A particular book or website can suddenly set us thinking about something, or feeling we've found an answer. Maybe that stays with us, maybe it changes the next time something useful comes along, maybe our views take a diametric turn.
The fact that we have an adversarial legal system throws up interesting questions about what is just, fair, appropriate. More importantly, it shows how some lawyers are able to sway a situation which looks hopeless for their client into an acquittal. But as the case proceeds, often the truth becomes so multi-faceted that 'reasonable doubt' enters the equation. How does that happen? How do a significant number of people get wrongfully accused and convicted? Surely our system should iron out these huge wrinkles.
Our jury system works on a principle of a group of people coming to some kind of consensus or majority about what they feel is the guilt or innocence of someone, based on the evidence available at the time. Why then is so much time and money spent in the United States on jury selection according to some kind of profiling, or information about potential jurors' lives? Why do marketing companies do likewise? It must pay off - for those on the winning side.
People say our modern businesses bear increasing similarities to religion, taking on more importance in our lives as we are expected to do more for 'the firm'. Businesses and organisations can have neuroses of their own, affecting how they interact with the world and within their grouping. Thus individuals who enter them can be affected, the more sensitive being the more affected.
The same apparently happens when people join a cult, or as they are often called these days 'new religious movement' or NRM. Views about a particular group or cult are likely to include what is in the 'eye of the beholder' but generally there's a concept of what the term means.
Could all beliefs simply be a matter of which memes get spread around the most or stay the longest?

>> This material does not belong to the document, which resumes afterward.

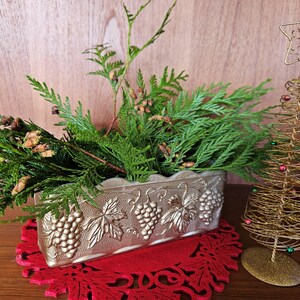 Peut inclure: Un pot en argent avec un motif de vigne de raisin contient un bouquet de branches de cèdre vert. Le pot est posé sur une dentelle rouge. Un sapin de Noël en fil de fer doré avec des perles rouges et vertes est en arrière-plan.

Or is there something else at stake?
What!
Like any normal day
It started off like any normal day’ is the gist of what someone was reported to say after going out with a rifle and shooting a courting couple in Wales (I believe). If anyone knows details of when, where and what was said, get in touch!
What was so different about that day? Do we all have moments that are totally ‘out of character’, changing our lives for ever with no explanation that fits the bill? Does a red mist descend, does a part of us kick in and take the reins, do we hear a voice or sense a compulsion? How do we rationalise it afterwards?
This is part of the basis of this Blog, and it’s showing on the front page so you see where it came from. And you can play a part in where it’s going if you want - just write a comment. If you don’t want it to appear for everyone to see you can make that clear.
This isn’t a lengthy academic exercise. Rather some ideas that are loosely strung together – maybe not even connected. My bookshelves overflow with books on serial killers and profiling and other stuff. The point here is that most of us tend to think of ourselves or others as ‘the sort of person who’ is likely or unlikely to do certain things. It’s a kind of shorthand or a comfort zone so we don’t have to countenance every possibility. We know what’s what, what we want, don’t want, or would never do …
There are books on Jung and ‘the shadow’, on the higher self and what can come out during hypnosis. I was looking for some rationale for what goes on in people’s lives, what goes wrong and why, and what can be done. This went round in a big cycle: from believing that, if something felt possible then it was likely, to rejecting great chunks, then back to the bookshelves for another re-think.
I looked at social systems, belief systems, religions, group behaviours including situations people refer to as Cults, at advertising, spin, hypnosis, hypnotherapy, stage magic, neuro-linguistic programming. I dipped into humanities courses, scouring booklists, visiting bookshops each time I went out, searched Amazon for anything that might answer my questions about ‘why people do what they do’. When I came across a book by John M. Doris ‘Lack of Character’ much of my thinking about profiling or likelihood of individual behaviour was thrown into disarray.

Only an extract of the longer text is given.